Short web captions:
◇ ◇ ◇

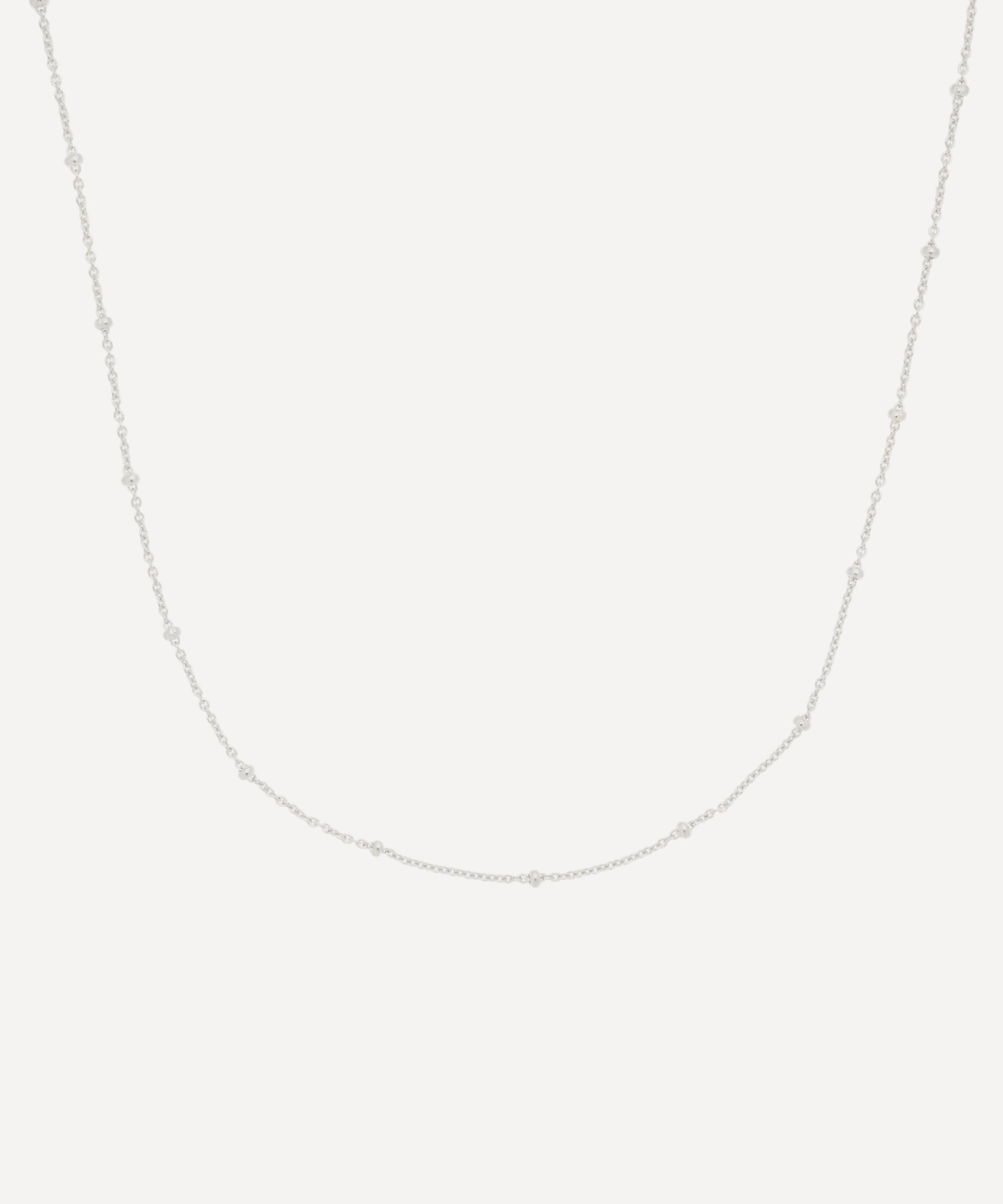 Monica Vinader Silver Short Fine Beaded Chain In Silver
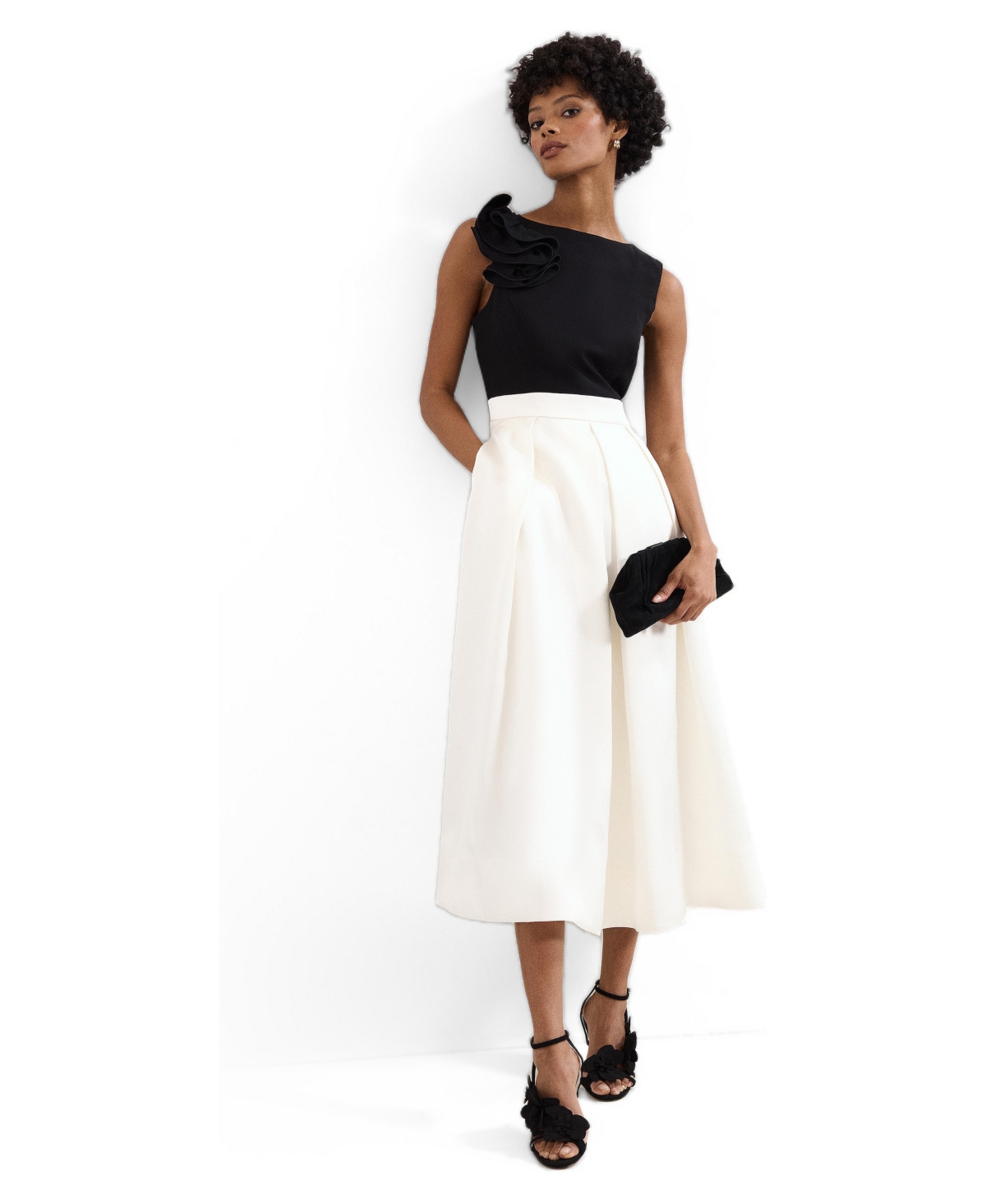 Phase Eight Women’s Perla Satin Midi Dress – Black/ivory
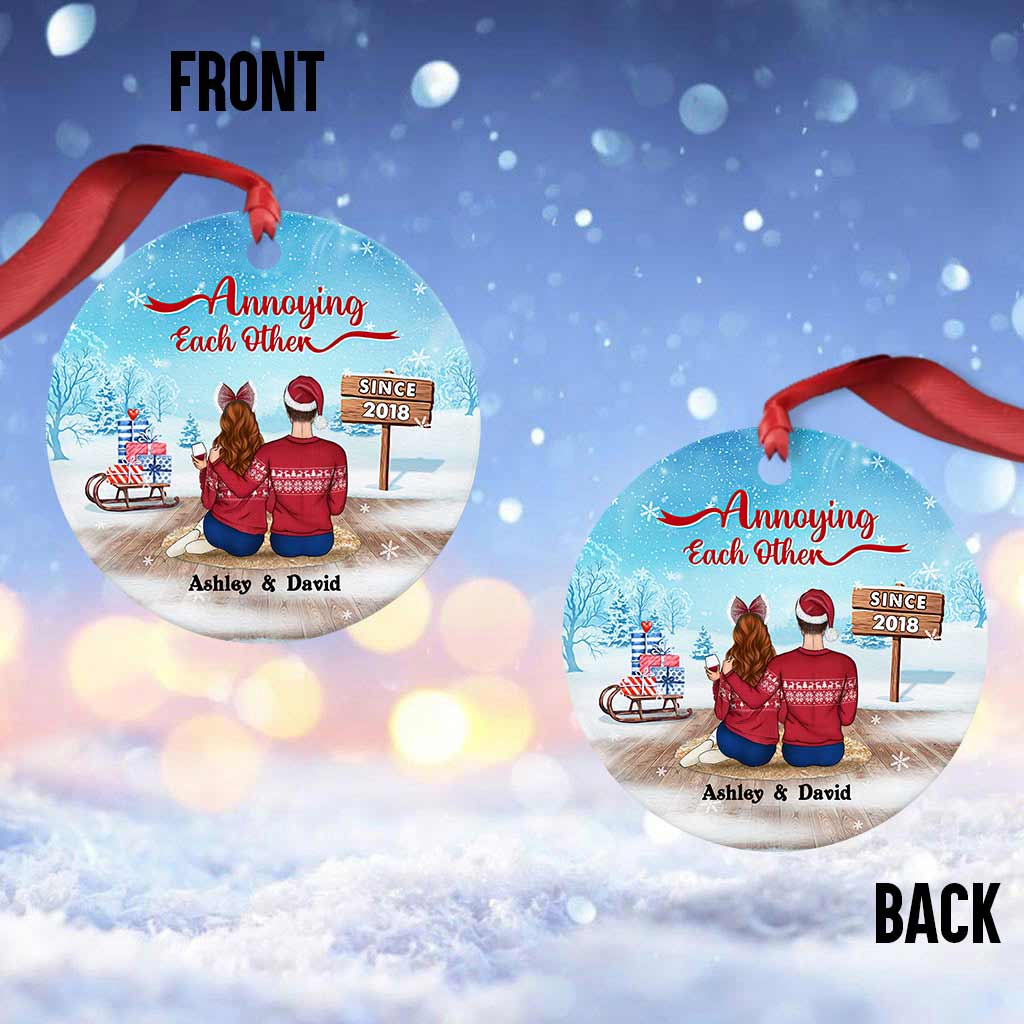 Annoying Each Other - Personalized Christmas Couple Ornament (Printed On Both Sides)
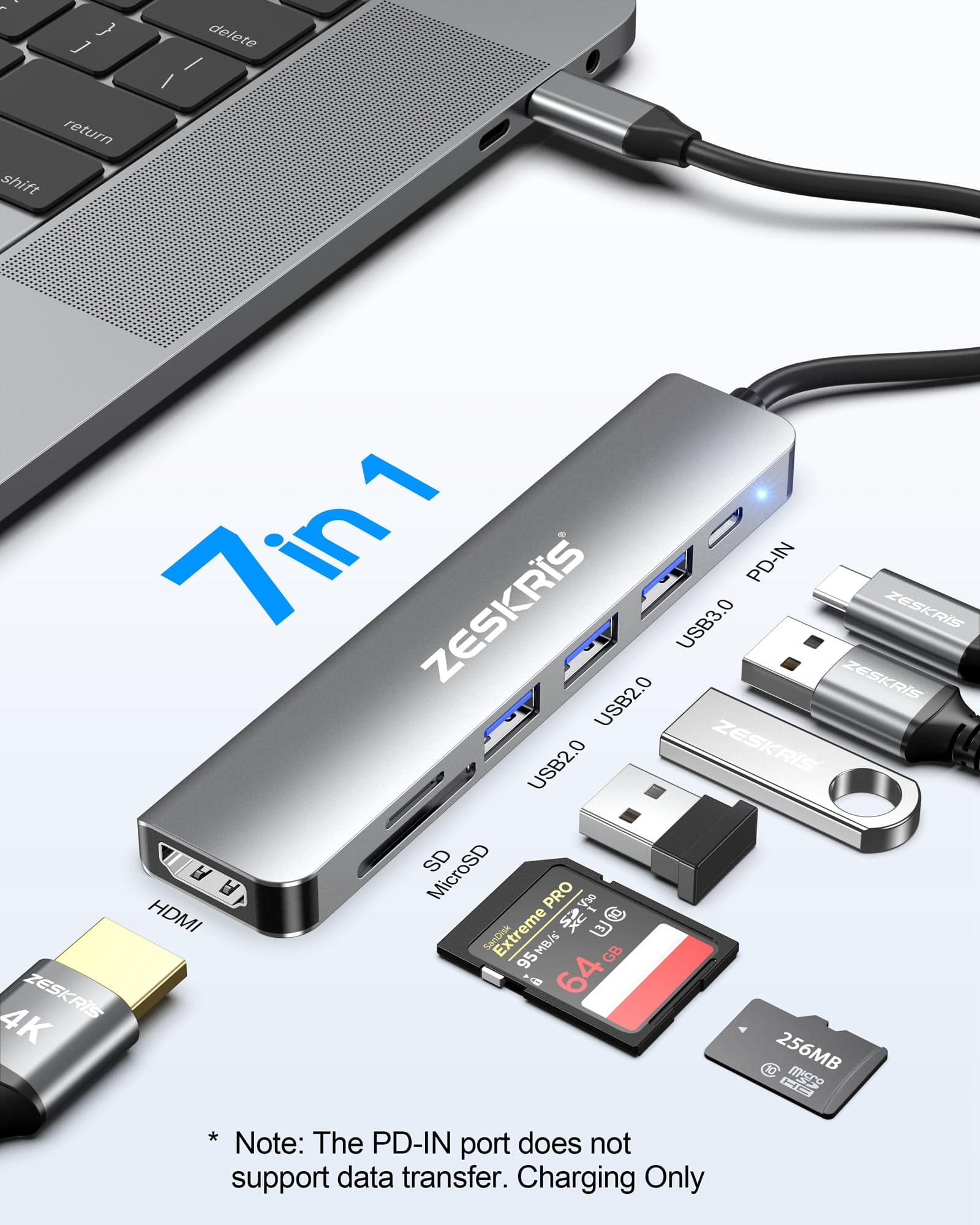 ZESKRIS Hub USB C adapter 7 w 1 USB C na HDMI z 4K HDMI 100 W PD 1 x USB 3.0 2 x USB 2.0 i czytnik kart SD/TF rozdzielacz wieloportowy kompatybilny z Macbook Air/Pro M1/M2 Surface Go i więcej - obrazek 7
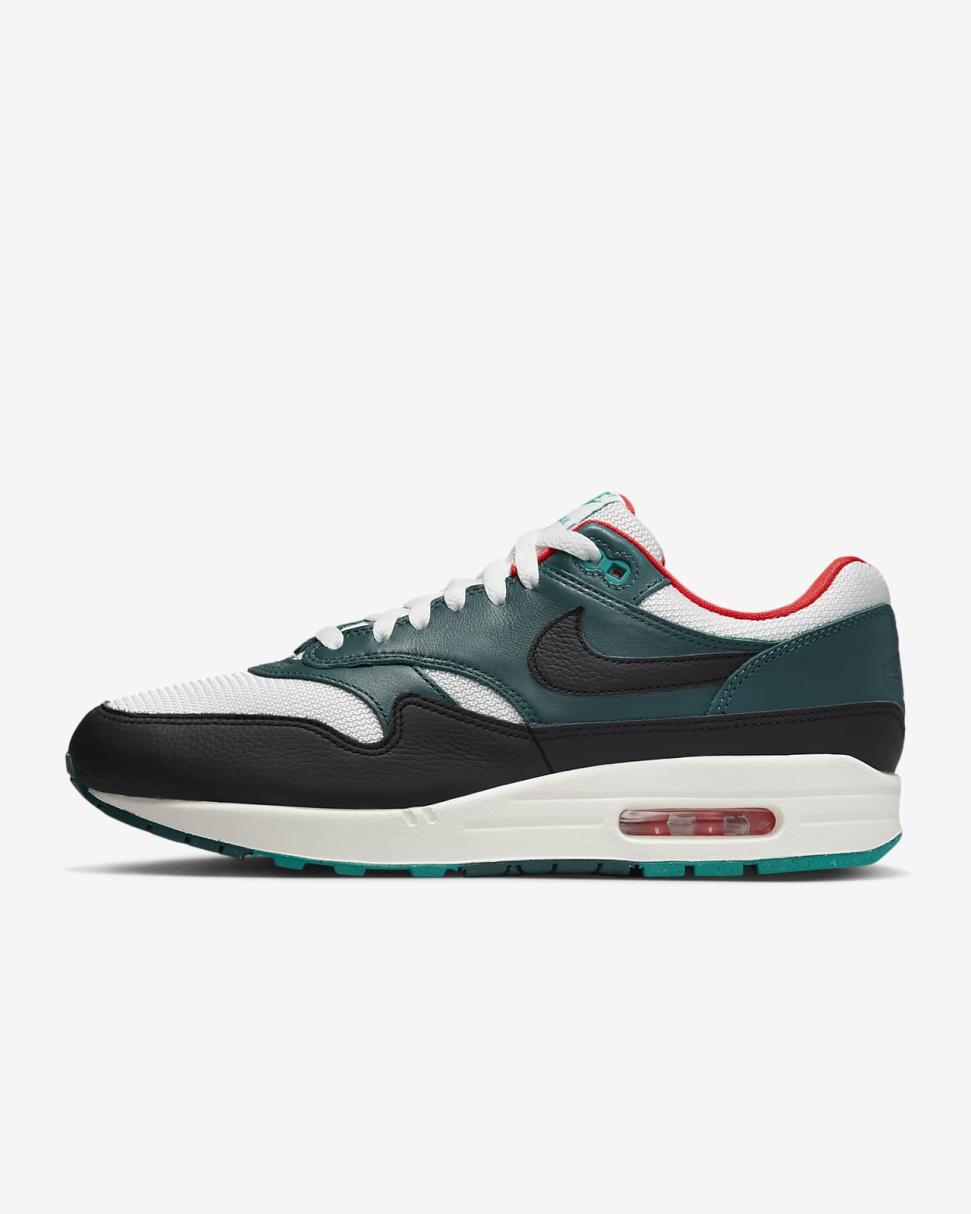 Nike Air Max 1 Premium Summit White/Dark Atomic Teal/Sail/Black | Mens Nike Lifestyle
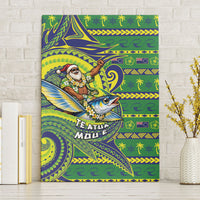 Cook Islands Christmas Canvas Wall Art Santa Riding Flying Fish DT05 Without Frame Green - Polynesian Pride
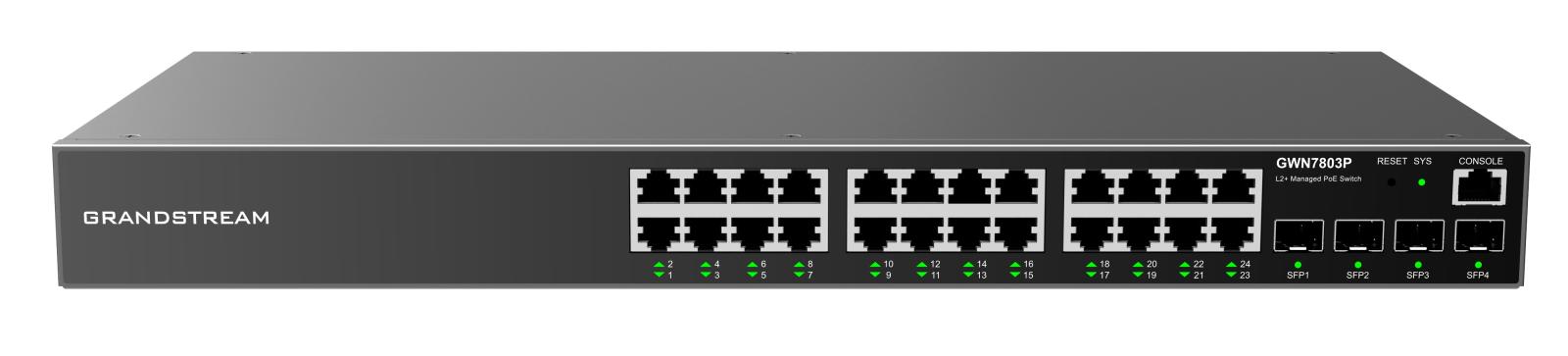 Fotografia produktu: Grandstream GWN7803P L2+ Managed Network PoE Switch 24x 1Gb RJ45, 4x SFP, DHCP, QoS, VLAN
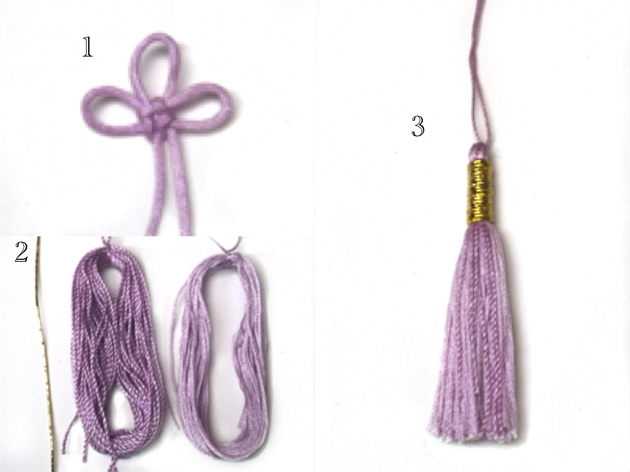 1. Tie a more simple Korean knot.\n2. Take 2 slightly different embroidery flosses, and wrap each around an object that is equivalent to the size of tassel preffered. Tie loops together with a separate piece of string.\n3. Cut bottoms, combine, and wrap together with gold cording. Trim ends evenly.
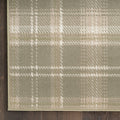 10' Olive Green and Ivory Plaid Runner Rug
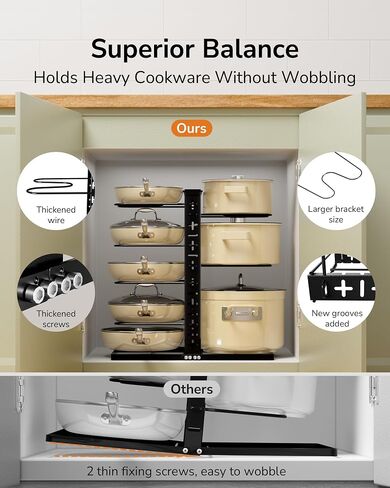 ULG Pots and Pans Organizer under Cabinet, 8-Tier Large Lid and Pan Organizers inside Cabinet for Heavy Pot and Pan Organizer Expandable Horizontal and Vertical Use with 3 DIY Methods, Matte Black in Saudi Arabia
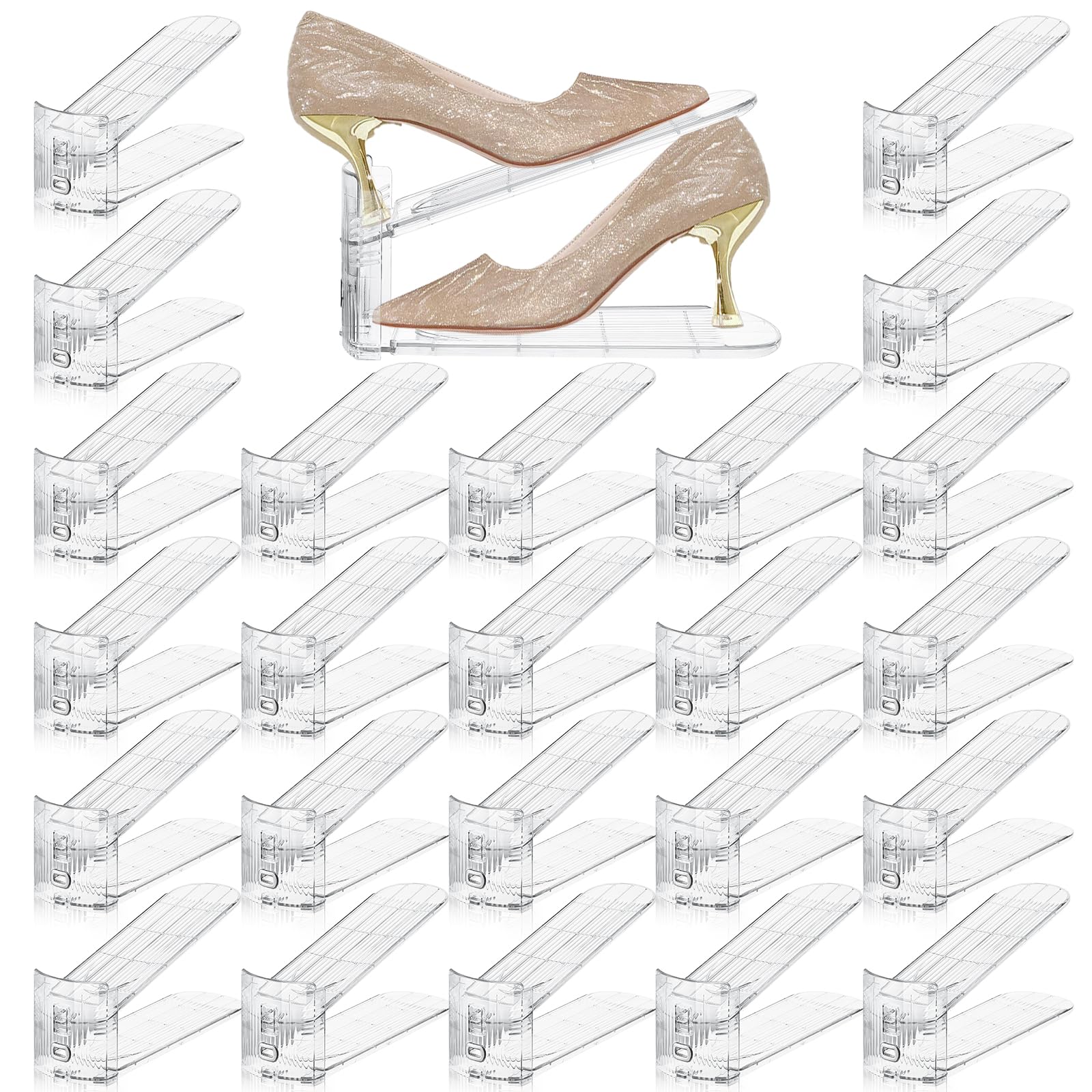 FENRUNXU Shoe Slots Organizer for Closet,24 Pack Shoe Stacker Shoe Rack Organizer for Closet Space Saver Storage Shoe Holder Organization(Transparent)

◇ ◇ ◇

Write out the lines that run from the line containing "ULG Pots and" to the end of the entries, inclusive, exactly as written. Skip every picture.

§ **SOLUTION TO THE PROBLEM**:
 ULG Pots and Pans Organizer under Cabinet, 8-Tier Large Lid and Pan Organizers inside Cabinet for Heavy Pot and Pan Organizer Expandable Horizontal and Vertical Use with 3 DIY Methods, Matte Black in Saudi Arabia
 FENRUNXU Shoe Slots Organizer for Closet,24 Pack Shoe Stacker Shoe Rack Organizer for Closet Space Saver Storage Shoe Holder Organization(Transparent)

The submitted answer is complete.